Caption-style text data
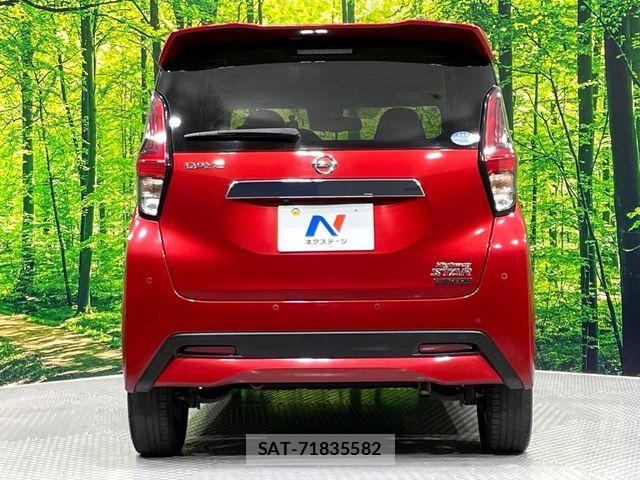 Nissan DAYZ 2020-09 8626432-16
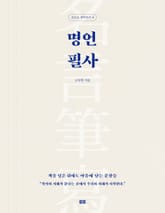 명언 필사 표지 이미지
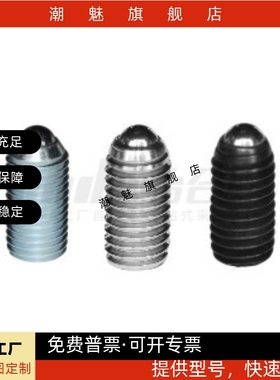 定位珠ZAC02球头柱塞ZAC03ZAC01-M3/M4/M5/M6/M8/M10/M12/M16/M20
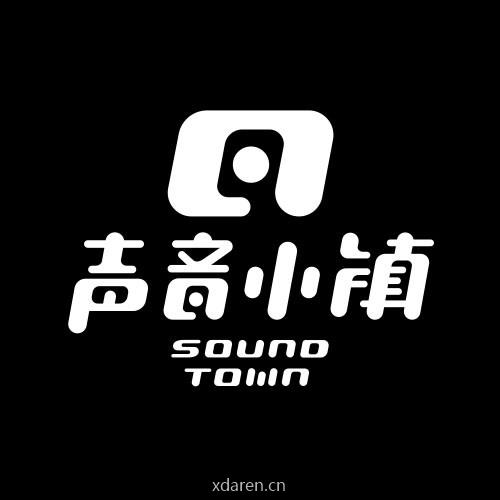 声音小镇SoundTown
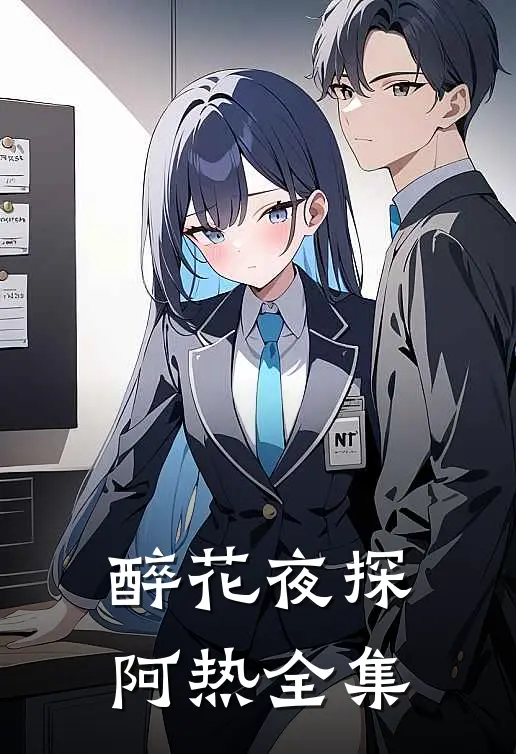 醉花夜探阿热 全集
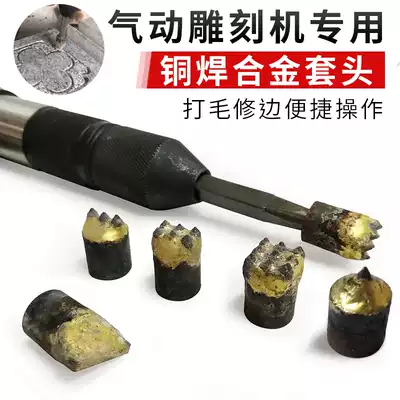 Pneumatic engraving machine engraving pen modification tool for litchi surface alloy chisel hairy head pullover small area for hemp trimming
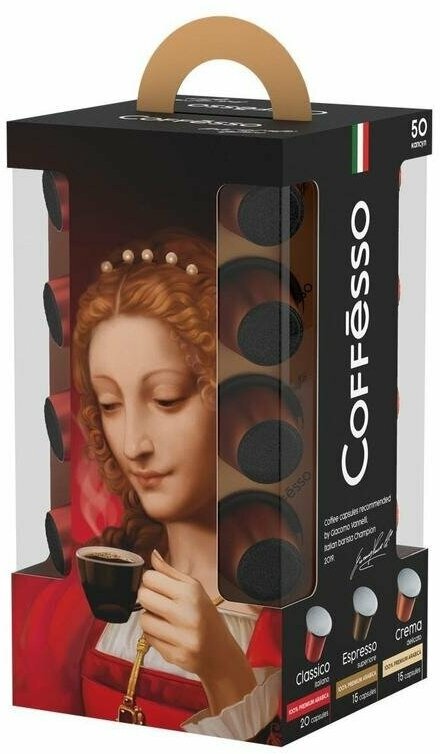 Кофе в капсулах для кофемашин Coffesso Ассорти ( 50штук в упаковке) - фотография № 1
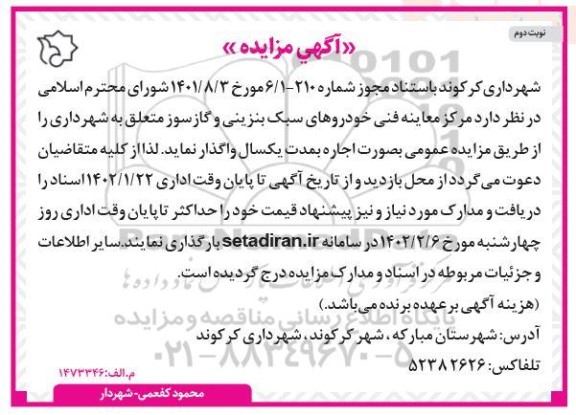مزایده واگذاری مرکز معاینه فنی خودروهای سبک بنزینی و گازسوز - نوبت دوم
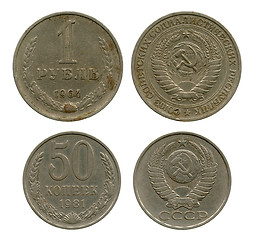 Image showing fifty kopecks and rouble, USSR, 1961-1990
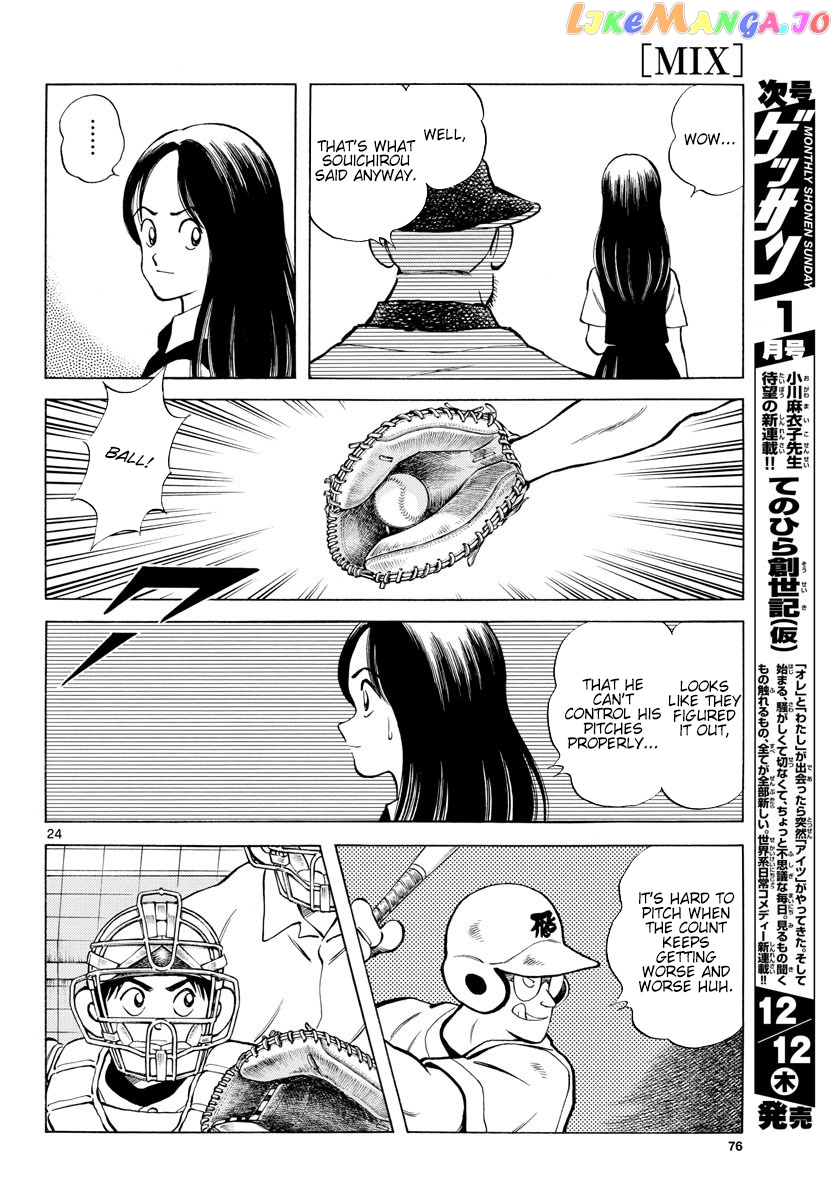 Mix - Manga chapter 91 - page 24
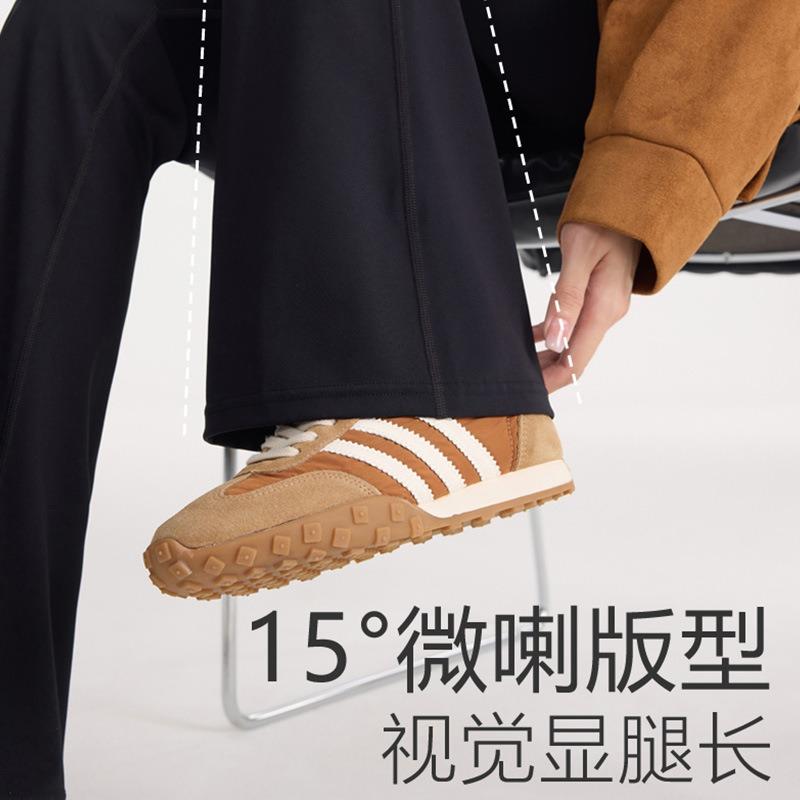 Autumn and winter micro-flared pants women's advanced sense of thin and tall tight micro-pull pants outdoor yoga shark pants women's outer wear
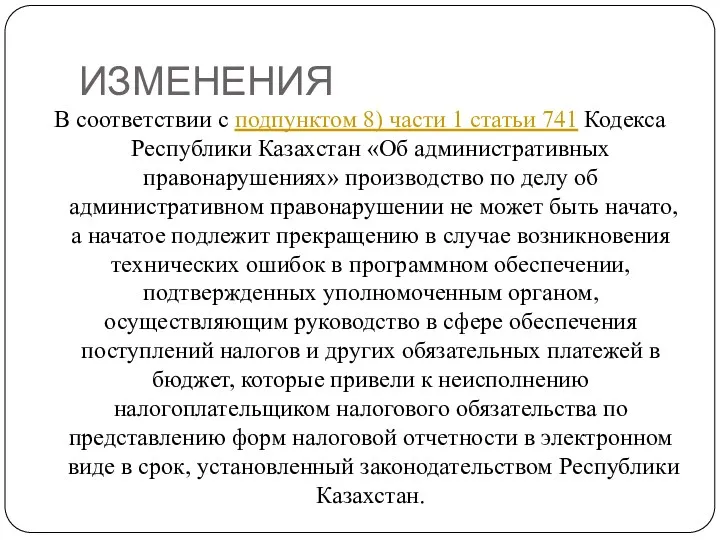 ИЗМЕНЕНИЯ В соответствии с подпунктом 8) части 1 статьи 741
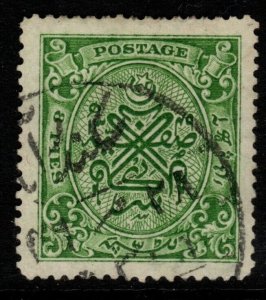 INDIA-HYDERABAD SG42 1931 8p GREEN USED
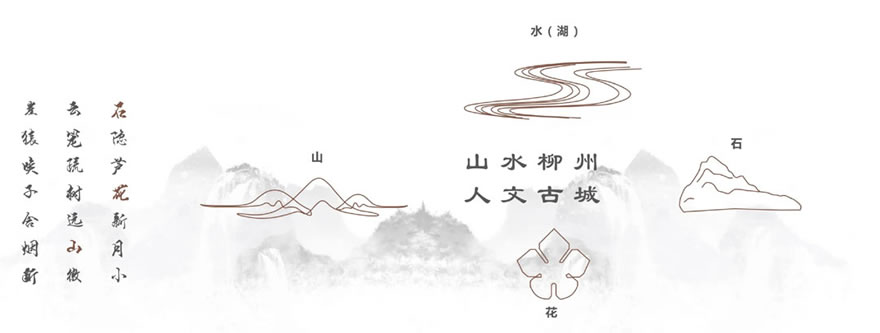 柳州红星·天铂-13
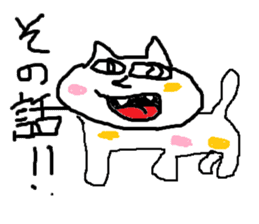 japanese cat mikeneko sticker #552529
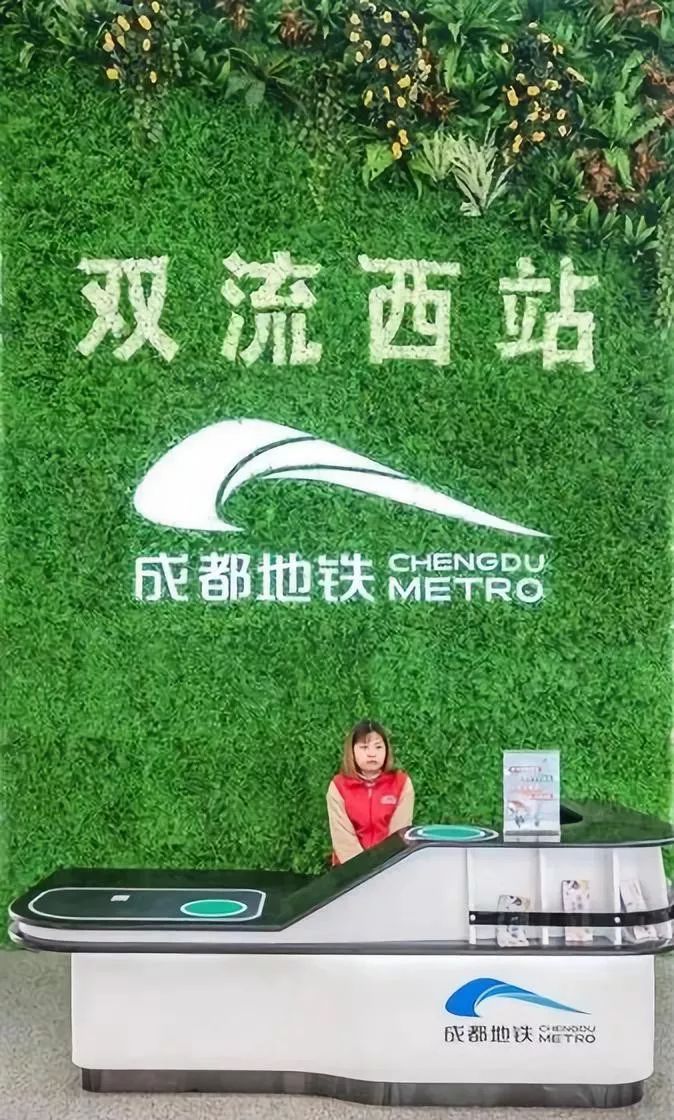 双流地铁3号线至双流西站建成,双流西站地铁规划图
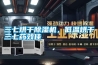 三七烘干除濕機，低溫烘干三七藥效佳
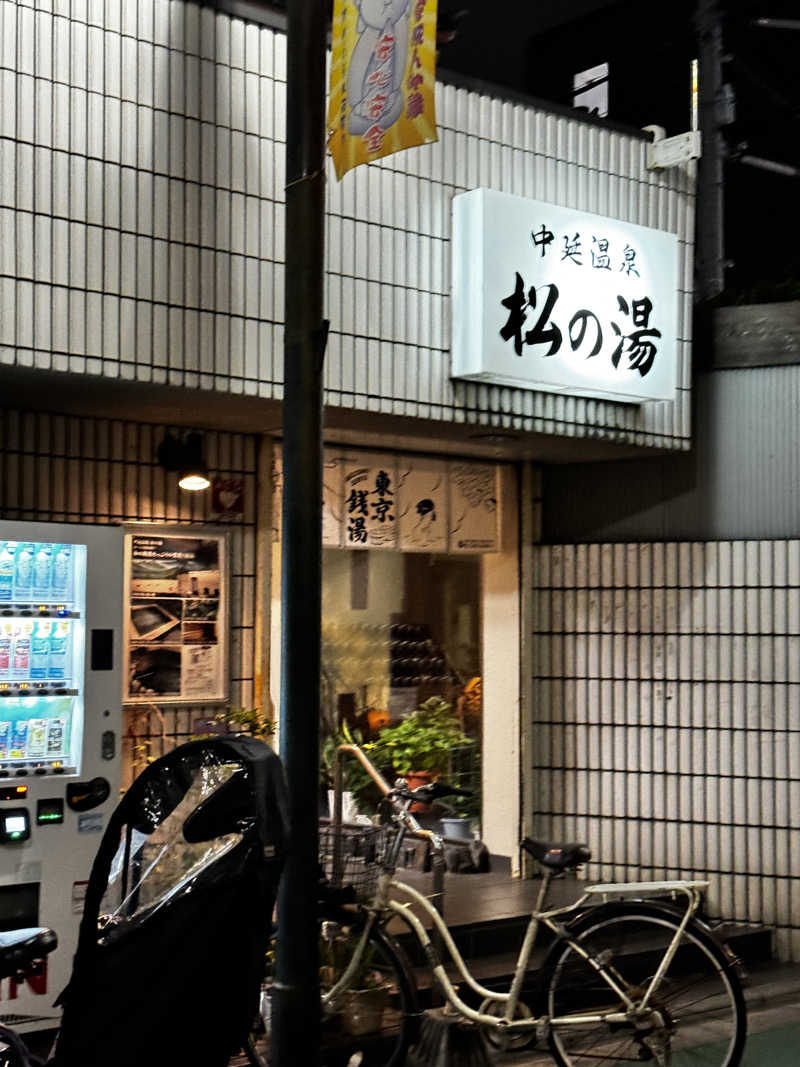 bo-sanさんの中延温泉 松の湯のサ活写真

→ Exercise instructions: Give back exactly the lines from the one that contains "INDIA-HYDERABAD SG42 1931 8p GREEN USED" to the final line of the data above, both included, with all pictures removed.

→ Answer box:
 INDIA-HYDERABAD SG42 1931 8p GREEN USED
 柳州红星·天铂-13
 japanese cat mikeneko sticker #552529
 双流地铁3号线至双流西站建成,双流西站地铁规划图
 三七烘干除濕機，低溫烘干三七藥效佳
 bo-sanさんの中延温泉 松の湯のサ活写真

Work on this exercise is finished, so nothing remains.